In a recent interview with Peter Vecsey of the New York Post, Bryant discussed his feelings towards some of the teams that overlooked him on draft day back in ’96, and showed a little resentment towards those teams that refused to give him a chance.
One of the most interesting parts of the interview comes when Bryant is asked about then-Charlotte Hornets general manager Dave Cowens, who was the one who drafted Bryant in ’96. Bryant told a Vecsey a story of how Cowens called him after the pick was announced and explained to him that he would be moved to the Lakers, and that “we don’t need you anyway.”
Kobe is as stupefied and infuriated now as he was then. ‘Can you believe someone would say something like that to a 17-year-old!’ he says, his face one-third smile, one-third scowl and one-third sinister. ‘That really threw me. It really hurt. Especially since it came from him. I knew about Dave Cowens. I knew what a great player he was. I followed his career. I looked up to him because he played so hard and showed so much passion. That spit just blew me away!’
From Bryant’s perspective that does seem like a harsh statement to relay to a 17-year-old fresh out of high school, but Bryant did place himself in that position by choosing to join the professional ranks. Still, it was moments such as these that Bryant was able to use as motivation throughout his career.
Those who have followed Kobe’s career in the NBA know he is an expert at motivating himself and finding the drive and determination to accomplish his goals, even if others believe those goals are a bit too lofty.

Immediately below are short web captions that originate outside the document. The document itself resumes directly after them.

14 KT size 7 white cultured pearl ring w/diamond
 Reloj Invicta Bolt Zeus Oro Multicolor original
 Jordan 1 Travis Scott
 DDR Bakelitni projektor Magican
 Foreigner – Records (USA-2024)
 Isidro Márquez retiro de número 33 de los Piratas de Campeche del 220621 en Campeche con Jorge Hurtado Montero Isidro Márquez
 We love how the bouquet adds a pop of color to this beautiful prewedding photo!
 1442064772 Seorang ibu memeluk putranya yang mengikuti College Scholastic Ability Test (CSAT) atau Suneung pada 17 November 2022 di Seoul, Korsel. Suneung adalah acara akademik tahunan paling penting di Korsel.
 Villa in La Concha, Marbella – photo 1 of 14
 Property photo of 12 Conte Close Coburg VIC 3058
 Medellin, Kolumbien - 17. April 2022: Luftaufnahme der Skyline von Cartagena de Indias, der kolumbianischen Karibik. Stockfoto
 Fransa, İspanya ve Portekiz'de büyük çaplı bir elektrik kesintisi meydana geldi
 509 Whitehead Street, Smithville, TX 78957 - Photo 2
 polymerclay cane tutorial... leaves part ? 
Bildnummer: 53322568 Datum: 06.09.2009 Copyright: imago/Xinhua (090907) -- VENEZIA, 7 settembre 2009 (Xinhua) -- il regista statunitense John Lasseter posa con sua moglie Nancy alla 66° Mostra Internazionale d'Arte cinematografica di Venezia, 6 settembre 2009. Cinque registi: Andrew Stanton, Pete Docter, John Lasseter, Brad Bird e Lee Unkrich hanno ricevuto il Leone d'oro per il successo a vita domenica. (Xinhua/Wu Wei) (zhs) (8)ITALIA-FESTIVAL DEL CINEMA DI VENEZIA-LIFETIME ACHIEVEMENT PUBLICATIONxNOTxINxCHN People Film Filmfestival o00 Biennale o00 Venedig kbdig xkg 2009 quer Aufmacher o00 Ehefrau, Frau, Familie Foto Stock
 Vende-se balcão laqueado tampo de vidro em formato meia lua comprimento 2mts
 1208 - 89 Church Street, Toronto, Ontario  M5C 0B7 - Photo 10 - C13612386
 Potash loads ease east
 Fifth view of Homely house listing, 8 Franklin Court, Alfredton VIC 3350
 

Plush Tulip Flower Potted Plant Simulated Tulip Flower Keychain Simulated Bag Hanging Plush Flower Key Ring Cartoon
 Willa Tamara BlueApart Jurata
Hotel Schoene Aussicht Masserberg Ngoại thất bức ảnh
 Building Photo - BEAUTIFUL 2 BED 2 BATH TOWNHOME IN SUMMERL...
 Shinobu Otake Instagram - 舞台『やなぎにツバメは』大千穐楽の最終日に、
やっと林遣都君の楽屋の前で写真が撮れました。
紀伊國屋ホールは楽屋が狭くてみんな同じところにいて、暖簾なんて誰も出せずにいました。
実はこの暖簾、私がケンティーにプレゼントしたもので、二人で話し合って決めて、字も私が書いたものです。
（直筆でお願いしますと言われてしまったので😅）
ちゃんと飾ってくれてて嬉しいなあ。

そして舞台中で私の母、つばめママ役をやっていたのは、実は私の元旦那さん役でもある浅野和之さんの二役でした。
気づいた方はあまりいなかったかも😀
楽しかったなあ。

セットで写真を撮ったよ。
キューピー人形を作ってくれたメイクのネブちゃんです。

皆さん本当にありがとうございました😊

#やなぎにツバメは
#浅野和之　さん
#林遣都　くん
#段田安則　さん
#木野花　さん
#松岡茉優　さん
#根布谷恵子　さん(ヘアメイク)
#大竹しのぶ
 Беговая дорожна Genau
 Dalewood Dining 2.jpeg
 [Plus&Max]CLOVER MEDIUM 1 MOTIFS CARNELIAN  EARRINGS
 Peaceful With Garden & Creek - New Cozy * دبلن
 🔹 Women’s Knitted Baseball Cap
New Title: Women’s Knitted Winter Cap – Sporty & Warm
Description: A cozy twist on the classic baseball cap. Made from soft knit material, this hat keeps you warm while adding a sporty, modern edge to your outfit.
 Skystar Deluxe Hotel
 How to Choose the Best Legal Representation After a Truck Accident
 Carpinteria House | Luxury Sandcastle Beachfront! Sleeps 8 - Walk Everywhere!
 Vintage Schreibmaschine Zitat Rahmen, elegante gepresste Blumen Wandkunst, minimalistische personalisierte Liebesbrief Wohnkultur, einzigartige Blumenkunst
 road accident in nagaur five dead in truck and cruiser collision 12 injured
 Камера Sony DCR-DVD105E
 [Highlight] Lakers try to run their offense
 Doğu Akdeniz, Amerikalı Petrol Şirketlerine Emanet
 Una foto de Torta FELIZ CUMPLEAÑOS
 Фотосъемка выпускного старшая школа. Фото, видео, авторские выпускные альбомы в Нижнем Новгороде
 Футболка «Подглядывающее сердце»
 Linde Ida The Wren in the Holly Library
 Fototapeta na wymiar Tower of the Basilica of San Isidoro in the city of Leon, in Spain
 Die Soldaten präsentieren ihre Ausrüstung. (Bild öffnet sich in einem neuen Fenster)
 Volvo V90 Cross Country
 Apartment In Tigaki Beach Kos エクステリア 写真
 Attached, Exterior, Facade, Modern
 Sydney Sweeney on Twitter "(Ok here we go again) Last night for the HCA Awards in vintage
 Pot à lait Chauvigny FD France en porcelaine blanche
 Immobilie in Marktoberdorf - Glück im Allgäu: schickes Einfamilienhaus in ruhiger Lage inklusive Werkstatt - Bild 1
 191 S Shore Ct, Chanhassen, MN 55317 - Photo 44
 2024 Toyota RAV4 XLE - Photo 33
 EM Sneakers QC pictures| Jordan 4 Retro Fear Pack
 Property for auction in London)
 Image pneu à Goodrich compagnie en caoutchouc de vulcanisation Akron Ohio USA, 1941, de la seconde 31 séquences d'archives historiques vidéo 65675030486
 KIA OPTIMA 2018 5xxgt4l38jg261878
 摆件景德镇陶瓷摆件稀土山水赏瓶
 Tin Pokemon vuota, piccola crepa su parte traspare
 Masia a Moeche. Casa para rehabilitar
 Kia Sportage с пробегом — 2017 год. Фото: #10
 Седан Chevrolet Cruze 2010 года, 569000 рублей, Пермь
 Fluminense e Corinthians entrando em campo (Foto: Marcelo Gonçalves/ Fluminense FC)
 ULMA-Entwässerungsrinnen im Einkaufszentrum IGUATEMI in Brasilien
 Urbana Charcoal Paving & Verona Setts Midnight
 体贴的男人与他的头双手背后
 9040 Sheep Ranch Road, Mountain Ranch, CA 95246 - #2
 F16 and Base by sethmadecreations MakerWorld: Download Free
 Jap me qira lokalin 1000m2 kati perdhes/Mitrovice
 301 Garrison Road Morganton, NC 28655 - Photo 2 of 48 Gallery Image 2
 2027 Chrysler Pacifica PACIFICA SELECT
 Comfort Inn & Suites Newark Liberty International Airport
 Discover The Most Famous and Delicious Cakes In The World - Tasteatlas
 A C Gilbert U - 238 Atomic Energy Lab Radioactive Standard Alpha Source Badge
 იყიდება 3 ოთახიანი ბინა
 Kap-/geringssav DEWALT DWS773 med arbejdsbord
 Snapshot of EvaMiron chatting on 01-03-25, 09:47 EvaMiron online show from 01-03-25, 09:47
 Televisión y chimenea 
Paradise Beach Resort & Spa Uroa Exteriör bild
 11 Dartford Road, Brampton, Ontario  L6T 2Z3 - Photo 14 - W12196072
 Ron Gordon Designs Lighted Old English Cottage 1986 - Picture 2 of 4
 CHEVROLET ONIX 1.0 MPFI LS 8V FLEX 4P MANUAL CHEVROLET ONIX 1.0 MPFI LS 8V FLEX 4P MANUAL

During the rest of the interview Bryant tells more stories about league general managers that worked him out during that summer but didn’t draft him when the opportunity came. His resentment towards those men and those teams may not be as strong as it was back in 1996, but there’s no doubt Bryant relished the opportunity to prove each and every one of them wrong.
And at this point in his career it’s safe to say he has done just that.